Note that the second of these two feministicals is (I think) a man, ergo completely pussy-whipped into compliance with Teh Narrative. Of course, they don’t let actual, you know, facts get in their way:
The authors say that “white men tend to be cited in much higher numbers than people from other backgrounds,” but dismiss the idea that this is due to the relative preponderance of white male geographers.
And yes, the picture of Professor Mott (from Rutgers’s website, no less) should come as no surprise to anyone:
My sincerest apologies to anyone who is now unable to eat their breakfast. The other idiot’s picture will also be unsurprising:
Good grief, they’re making professors out of 12-year-olds.
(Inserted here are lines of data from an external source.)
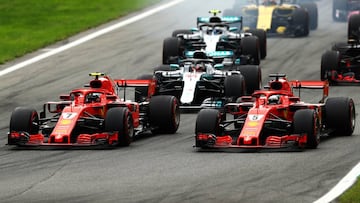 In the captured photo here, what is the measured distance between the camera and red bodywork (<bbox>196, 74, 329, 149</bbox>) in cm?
2667

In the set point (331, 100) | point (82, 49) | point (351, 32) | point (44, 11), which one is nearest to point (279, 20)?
point (351, 32)

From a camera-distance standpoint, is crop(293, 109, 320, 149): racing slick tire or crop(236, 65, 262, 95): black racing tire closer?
crop(293, 109, 320, 149): racing slick tire

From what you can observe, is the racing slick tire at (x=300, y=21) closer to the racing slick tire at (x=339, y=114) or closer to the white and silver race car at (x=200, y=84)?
the white and silver race car at (x=200, y=84)

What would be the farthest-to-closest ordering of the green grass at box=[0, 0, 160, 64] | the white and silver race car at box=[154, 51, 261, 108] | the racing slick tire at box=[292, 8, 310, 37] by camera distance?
the racing slick tire at box=[292, 8, 310, 37], the green grass at box=[0, 0, 160, 64], the white and silver race car at box=[154, 51, 261, 108]

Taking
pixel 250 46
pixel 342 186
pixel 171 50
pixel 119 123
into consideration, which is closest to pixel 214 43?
pixel 250 46

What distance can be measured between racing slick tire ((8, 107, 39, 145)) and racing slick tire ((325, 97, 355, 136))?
256 inches

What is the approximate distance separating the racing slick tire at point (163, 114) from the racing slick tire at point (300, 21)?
842 inches

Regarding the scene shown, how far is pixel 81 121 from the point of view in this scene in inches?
1115

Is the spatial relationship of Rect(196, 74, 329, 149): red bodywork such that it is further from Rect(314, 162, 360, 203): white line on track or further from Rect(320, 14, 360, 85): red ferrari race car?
Rect(320, 14, 360, 85): red ferrari race car

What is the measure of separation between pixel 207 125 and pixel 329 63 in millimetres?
13573

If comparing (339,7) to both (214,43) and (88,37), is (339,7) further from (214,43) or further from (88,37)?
(214,43)

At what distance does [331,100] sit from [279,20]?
23.0 m

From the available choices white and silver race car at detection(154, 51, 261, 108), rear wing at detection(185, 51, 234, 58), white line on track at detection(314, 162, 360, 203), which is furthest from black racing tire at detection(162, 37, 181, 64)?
white line on track at detection(314, 162, 360, 203)

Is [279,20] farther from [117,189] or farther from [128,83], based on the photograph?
[117,189] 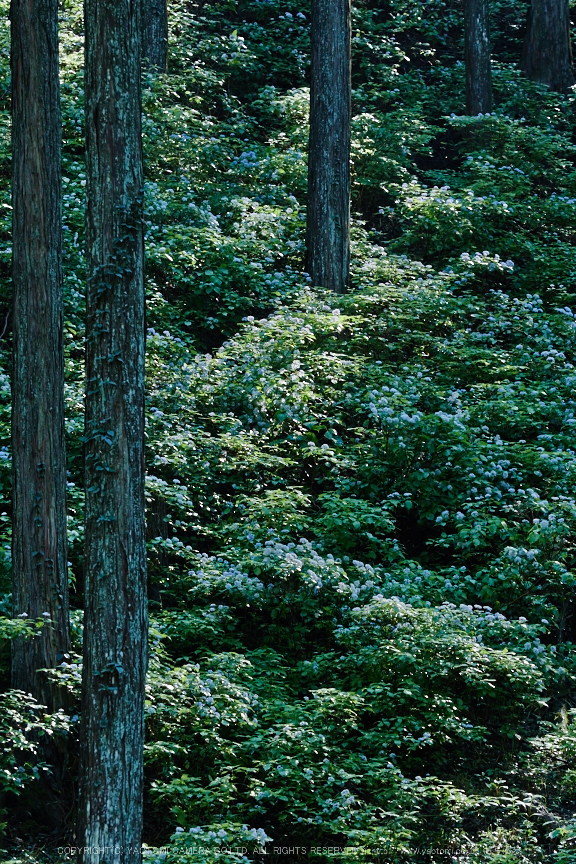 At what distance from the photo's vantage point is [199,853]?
17.1 feet

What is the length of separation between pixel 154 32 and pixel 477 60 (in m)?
5.47

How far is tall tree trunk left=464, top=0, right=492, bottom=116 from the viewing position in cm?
1592

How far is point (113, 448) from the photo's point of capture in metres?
5.14

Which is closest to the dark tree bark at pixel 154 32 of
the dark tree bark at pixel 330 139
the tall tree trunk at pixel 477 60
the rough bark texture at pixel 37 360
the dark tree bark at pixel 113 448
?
the dark tree bark at pixel 330 139

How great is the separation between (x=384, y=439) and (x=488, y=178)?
6545 mm

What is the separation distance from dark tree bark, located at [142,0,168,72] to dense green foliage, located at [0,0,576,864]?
58 centimetres

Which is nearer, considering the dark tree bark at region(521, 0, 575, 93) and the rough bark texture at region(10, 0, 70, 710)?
the rough bark texture at region(10, 0, 70, 710)

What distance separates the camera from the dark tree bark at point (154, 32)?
14.8 meters

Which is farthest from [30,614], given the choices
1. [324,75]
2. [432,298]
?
[324,75]

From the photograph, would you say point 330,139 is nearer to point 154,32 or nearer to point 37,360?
point 154,32

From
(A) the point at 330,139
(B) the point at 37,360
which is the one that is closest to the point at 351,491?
(B) the point at 37,360

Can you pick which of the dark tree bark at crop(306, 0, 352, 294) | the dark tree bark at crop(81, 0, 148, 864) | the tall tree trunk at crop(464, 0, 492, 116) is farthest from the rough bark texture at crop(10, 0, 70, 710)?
the tall tree trunk at crop(464, 0, 492, 116)

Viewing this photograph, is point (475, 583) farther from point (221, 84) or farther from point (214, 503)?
point (221, 84)

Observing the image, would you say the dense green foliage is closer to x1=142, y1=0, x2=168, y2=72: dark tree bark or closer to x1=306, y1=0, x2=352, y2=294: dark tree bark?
x1=306, y1=0, x2=352, y2=294: dark tree bark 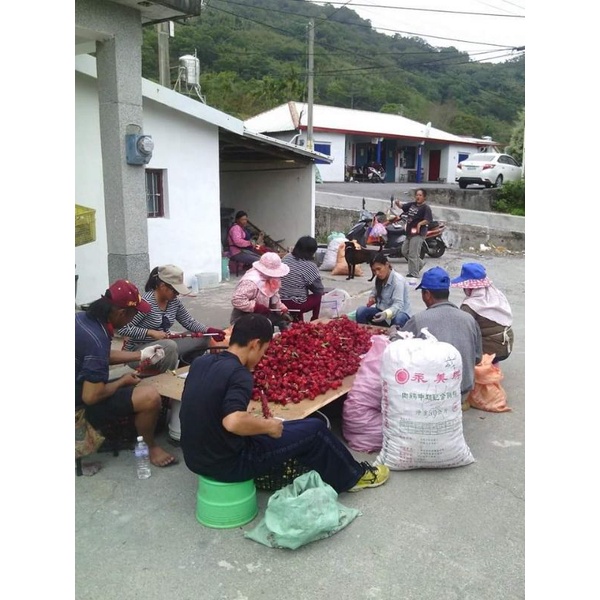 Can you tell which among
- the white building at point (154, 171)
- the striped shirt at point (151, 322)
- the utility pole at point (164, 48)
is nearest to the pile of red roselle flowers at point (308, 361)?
the striped shirt at point (151, 322)

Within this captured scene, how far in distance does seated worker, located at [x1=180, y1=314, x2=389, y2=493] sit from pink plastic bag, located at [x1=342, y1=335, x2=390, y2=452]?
896 mm

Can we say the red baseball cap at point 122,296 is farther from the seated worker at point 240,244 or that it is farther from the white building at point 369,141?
the white building at point 369,141

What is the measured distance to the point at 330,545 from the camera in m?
3.13

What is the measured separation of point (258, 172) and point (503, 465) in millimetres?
12144

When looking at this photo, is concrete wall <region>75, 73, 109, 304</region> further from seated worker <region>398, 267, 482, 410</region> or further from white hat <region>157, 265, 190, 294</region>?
seated worker <region>398, 267, 482, 410</region>

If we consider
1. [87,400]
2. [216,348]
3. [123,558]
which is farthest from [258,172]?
[123,558]

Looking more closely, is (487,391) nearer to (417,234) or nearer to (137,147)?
(137,147)

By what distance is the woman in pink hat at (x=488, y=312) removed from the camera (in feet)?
17.3

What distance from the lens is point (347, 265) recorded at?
12258 mm

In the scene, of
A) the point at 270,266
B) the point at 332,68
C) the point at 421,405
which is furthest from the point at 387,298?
the point at 332,68

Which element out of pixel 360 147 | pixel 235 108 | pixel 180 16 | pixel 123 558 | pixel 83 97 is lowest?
pixel 123 558

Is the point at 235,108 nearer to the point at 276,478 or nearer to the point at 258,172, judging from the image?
the point at 258,172

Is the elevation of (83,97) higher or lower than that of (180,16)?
lower

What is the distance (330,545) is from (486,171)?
23.0m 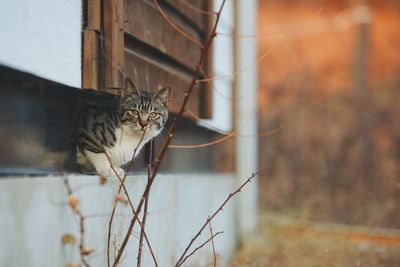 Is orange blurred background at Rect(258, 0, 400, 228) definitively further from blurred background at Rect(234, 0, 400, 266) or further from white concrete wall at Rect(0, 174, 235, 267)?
white concrete wall at Rect(0, 174, 235, 267)

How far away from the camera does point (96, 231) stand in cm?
264

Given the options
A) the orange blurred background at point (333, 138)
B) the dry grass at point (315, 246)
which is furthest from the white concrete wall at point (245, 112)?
the orange blurred background at point (333, 138)

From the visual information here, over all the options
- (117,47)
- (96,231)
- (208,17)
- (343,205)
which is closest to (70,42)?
(117,47)

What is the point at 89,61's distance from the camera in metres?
2.83

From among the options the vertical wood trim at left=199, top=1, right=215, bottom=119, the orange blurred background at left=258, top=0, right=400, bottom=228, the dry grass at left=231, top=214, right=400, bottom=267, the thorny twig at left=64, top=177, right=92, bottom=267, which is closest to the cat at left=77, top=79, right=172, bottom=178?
the thorny twig at left=64, top=177, right=92, bottom=267

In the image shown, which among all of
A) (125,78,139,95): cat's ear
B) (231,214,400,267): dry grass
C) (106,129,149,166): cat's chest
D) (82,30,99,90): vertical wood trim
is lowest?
(231,214,400,267): dry grass

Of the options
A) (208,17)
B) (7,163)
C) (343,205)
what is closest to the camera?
(7,163)

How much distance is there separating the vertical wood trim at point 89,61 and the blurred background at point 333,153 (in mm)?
2356

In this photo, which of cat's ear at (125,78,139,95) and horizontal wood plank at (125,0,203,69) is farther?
horizontal wood plank at (125,0,203,69)

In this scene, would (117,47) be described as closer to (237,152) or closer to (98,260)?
(98,260)

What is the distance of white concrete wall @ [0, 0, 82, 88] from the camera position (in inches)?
89.0

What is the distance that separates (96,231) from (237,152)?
3944mm

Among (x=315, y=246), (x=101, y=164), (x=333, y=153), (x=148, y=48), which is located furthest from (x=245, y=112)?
(x=101, y=164)

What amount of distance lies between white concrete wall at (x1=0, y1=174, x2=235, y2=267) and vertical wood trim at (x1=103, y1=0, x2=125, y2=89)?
0.47 meters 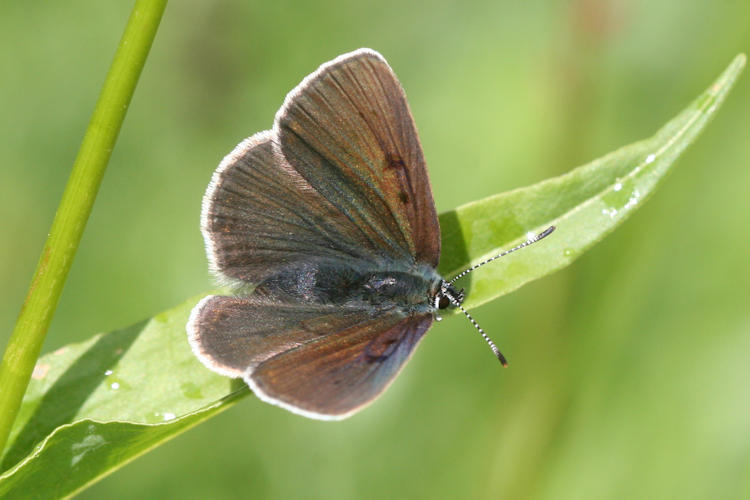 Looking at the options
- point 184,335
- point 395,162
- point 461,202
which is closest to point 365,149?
point 395,162

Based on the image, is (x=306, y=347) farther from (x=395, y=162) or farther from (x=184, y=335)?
(x=395, y=162)

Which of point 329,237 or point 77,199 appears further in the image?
point 329,237

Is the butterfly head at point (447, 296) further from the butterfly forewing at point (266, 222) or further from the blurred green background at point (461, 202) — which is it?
the blurred green background at point (461, 202)

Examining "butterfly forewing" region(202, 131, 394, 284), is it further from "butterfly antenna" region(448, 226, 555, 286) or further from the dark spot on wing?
"butterfly antenna" region(448, 226, 555, 286)

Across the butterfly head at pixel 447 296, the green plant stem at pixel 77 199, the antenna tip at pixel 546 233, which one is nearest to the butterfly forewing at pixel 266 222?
the butterfly head at pixel 447 296

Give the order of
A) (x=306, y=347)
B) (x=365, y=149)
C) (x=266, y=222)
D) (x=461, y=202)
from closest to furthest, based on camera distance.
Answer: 1. (x=306, y=347)
2. (x=365, y=149)
3. (x=266, y=222)
4. (x=461, y=202)

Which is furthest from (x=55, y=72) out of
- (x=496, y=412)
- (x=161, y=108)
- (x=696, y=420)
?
(x=696, y=420)

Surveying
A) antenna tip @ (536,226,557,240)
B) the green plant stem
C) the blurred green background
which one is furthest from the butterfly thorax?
the blurred green background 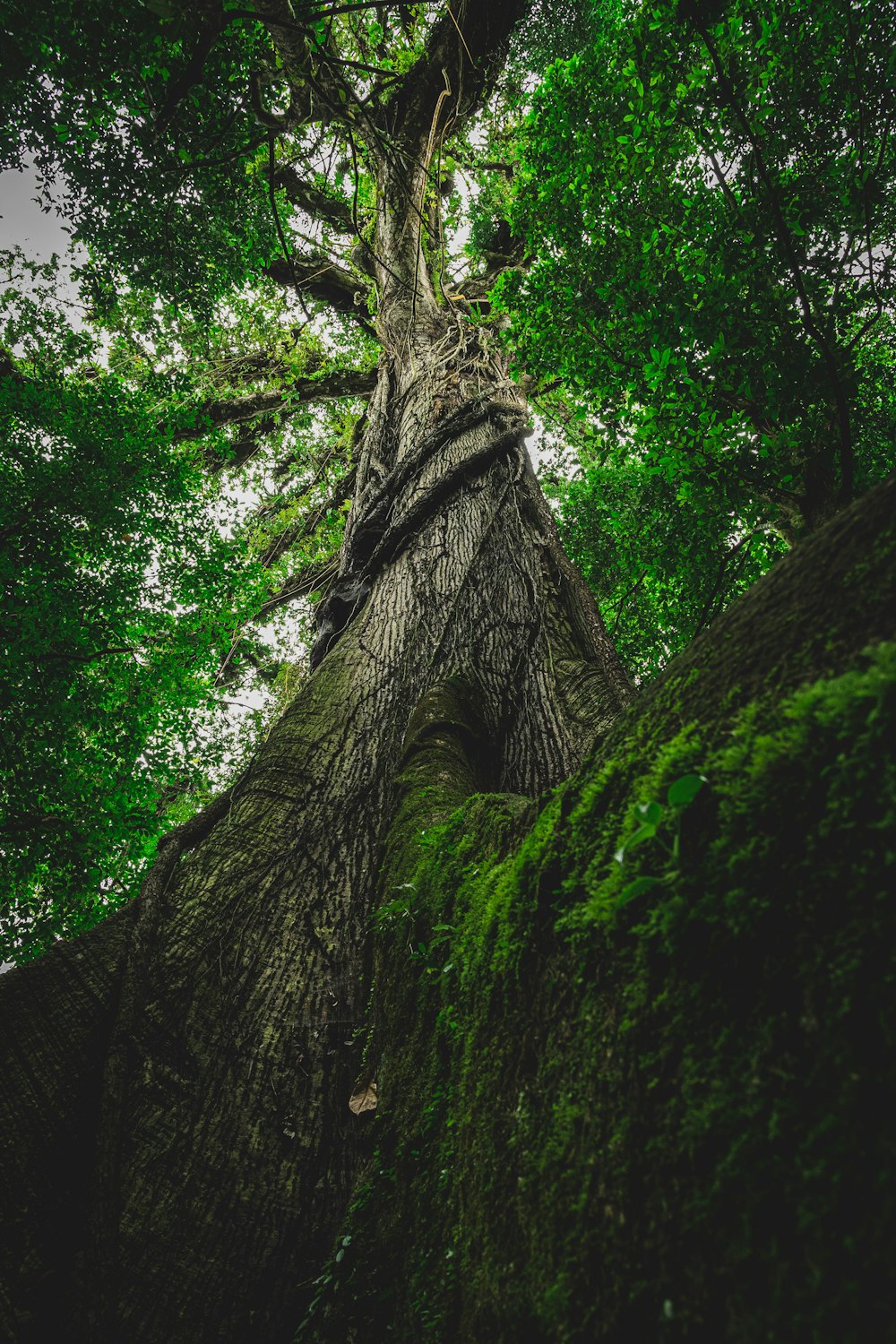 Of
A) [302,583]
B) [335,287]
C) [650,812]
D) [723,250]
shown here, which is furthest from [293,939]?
[335,287]

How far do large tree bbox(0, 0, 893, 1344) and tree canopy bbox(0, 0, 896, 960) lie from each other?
0.98ft

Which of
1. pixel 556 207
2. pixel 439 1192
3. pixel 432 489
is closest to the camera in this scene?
pixel 439 1192

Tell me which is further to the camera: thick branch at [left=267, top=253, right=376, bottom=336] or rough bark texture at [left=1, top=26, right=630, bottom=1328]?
thick branch at [left=267, top=253, right=376, bottom=336]

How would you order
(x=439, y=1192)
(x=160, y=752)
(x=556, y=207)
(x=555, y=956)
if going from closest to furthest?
(x=555, y=956) → (x=439, y=1192) → (x=556, y=207) → (x=160, y=752)

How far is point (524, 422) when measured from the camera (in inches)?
188

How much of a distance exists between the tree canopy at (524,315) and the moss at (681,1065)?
1789mm

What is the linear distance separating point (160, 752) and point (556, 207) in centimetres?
519

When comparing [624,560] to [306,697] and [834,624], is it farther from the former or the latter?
[834,624]

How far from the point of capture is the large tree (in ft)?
3.05

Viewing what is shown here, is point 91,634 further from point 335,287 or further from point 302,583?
point 335,287

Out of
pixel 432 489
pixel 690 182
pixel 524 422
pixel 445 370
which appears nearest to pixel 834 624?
pixel 432 489

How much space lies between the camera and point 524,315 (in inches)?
184

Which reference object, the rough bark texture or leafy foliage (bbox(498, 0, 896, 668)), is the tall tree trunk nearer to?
the rough bark texture

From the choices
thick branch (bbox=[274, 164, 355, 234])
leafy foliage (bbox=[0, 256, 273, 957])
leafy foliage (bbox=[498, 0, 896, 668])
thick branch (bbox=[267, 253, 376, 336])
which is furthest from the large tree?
thick branch (bbox=[267, 253, 376, 336]) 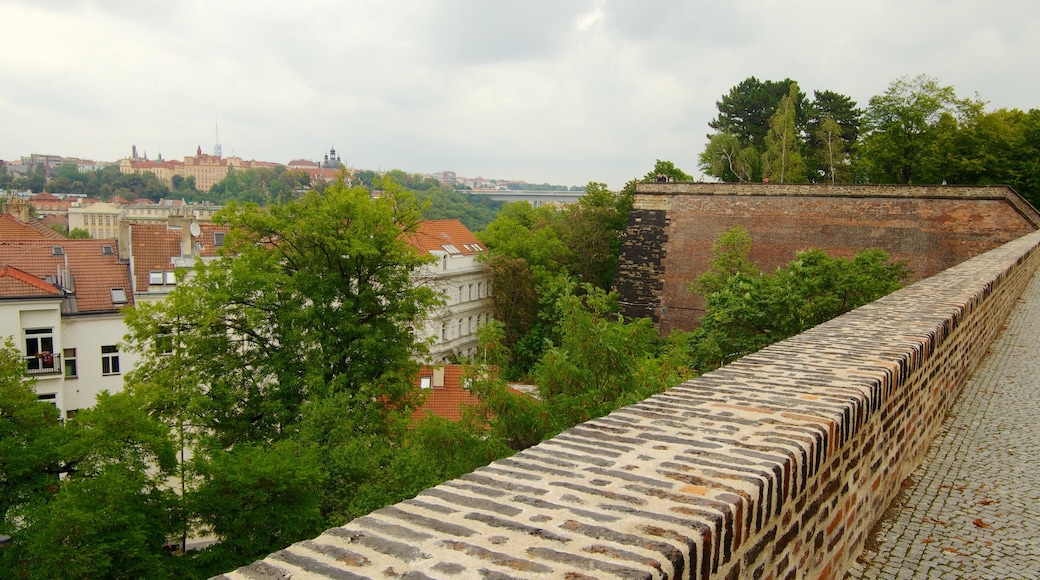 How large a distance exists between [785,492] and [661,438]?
1.86 feet

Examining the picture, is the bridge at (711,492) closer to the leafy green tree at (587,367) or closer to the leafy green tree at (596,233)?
the leafy green tree at (587,367)

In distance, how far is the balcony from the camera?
23359mm

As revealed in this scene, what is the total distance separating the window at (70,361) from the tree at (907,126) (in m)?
39.1

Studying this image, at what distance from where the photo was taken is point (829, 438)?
341cm

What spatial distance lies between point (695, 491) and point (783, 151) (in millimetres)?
43827

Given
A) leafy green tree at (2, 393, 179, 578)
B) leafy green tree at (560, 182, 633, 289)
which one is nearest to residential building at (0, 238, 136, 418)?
leafy green tree at (2, 393, 179, 578)

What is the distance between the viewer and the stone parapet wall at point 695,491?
2168 mm

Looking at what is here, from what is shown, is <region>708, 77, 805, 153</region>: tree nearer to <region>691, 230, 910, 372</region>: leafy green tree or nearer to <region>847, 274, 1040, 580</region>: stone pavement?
<region>691, 230, 910, 372</region>: leafy green tree

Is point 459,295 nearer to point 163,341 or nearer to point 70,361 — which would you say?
point 70,361

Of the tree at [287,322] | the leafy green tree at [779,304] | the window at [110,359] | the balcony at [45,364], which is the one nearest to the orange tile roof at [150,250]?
the window at [110,359]

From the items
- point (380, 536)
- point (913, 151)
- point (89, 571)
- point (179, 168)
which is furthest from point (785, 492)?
point (179, 168)

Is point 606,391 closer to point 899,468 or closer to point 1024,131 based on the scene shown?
point 899,468

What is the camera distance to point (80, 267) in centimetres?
2661

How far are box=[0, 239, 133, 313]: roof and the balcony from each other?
182cm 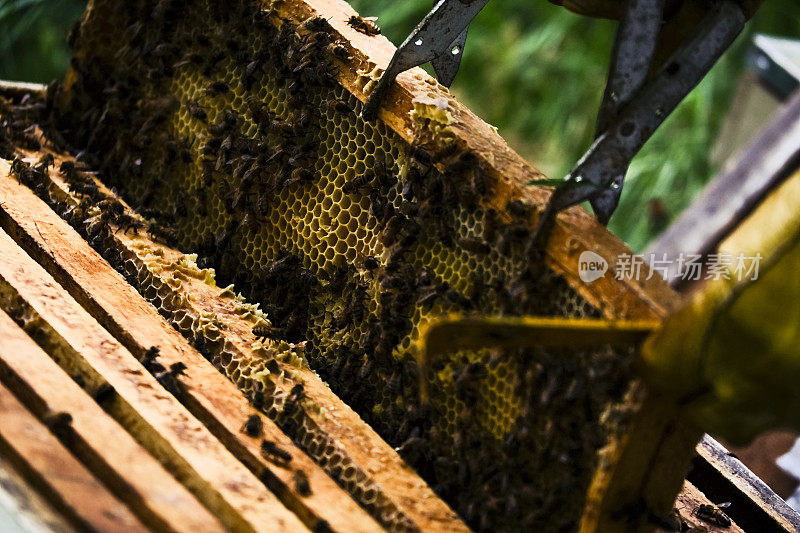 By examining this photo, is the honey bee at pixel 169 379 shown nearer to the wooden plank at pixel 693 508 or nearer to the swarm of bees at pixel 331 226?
the swarm of bees at pixel 331 226

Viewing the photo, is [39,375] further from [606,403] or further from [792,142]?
[792,142]

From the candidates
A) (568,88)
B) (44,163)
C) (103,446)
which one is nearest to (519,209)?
(103,446)

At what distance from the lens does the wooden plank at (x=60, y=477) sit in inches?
54.5

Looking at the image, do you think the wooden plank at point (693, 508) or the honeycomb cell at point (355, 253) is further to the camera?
the wooden plank at point (693, 508)

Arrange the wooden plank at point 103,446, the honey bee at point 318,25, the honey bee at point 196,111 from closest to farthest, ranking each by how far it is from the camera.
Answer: the wooden plank at point 103,446 < the honey bee at point 318,25 < the honey bee at point 196,111

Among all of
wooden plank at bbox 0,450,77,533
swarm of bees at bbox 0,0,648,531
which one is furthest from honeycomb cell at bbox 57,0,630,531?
wooden plank at bbox 0,450,77,533

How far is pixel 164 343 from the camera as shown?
216 centimetres

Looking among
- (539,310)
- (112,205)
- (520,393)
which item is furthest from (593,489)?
(112,205)

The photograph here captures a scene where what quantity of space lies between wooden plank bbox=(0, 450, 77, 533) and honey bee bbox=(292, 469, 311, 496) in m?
0.56

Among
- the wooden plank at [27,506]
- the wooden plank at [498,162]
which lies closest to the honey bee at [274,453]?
the wooden plank at [27,506]

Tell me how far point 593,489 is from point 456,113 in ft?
3.73

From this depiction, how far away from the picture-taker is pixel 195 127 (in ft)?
9.37

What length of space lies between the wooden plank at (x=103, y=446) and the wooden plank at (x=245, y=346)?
1.31 feet

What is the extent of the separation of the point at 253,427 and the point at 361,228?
78 centimetres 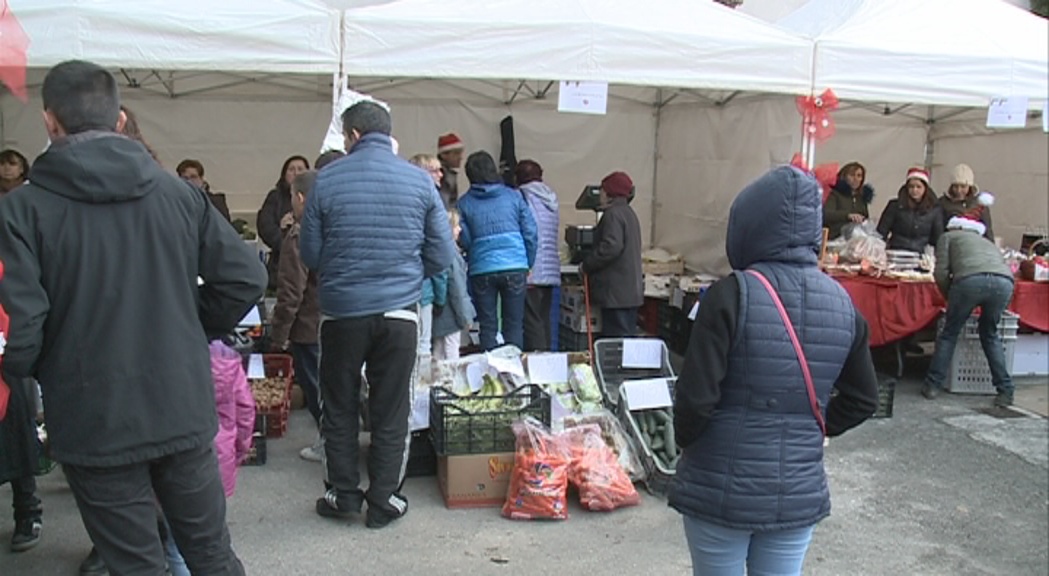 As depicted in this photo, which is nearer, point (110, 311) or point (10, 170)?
point (110, 311)

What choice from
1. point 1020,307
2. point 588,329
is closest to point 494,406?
point 588,329

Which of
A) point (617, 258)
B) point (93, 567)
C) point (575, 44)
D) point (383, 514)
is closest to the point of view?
point (93, 567)

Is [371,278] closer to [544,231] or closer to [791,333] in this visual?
[791,333]

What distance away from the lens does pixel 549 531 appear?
403 cm

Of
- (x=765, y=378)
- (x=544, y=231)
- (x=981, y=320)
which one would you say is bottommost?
(x=981, y=320)

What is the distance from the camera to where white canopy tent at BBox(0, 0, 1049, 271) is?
4.81 meters

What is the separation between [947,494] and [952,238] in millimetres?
2329

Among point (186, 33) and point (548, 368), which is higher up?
point (186, 33)

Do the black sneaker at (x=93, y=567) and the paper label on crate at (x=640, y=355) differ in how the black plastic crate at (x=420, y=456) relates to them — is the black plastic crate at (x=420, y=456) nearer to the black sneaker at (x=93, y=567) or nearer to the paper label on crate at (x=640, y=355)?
the paper label on crate at (x=640, y=355)

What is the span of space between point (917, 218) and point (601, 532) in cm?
469

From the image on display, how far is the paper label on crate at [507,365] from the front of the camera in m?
4.80

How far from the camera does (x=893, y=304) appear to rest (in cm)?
673

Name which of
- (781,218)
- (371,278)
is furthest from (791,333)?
(371,278)

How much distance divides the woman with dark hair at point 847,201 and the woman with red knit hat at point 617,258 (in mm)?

It’s becoming easier and easier to see why The Onion is no longer either relevant or funny, because bullshit like this and people of this ilk render satire totally irrelevant.
By the way, their final comment is really funny:
They caution, however, that this approach entails a certain risk of “basing assumptions of gender or cisnormativity on particularly gendered names.”
Speaking of cultural nominal cisnormativity (I think I got that right), I’d like to point out that the word “mott” is South African slang for a vagina.
And as an African-American with a gender-opaque first name, I can only hope that somebody leaps to cite my writings as a source, preferably when writing to professors Vag and Cockless.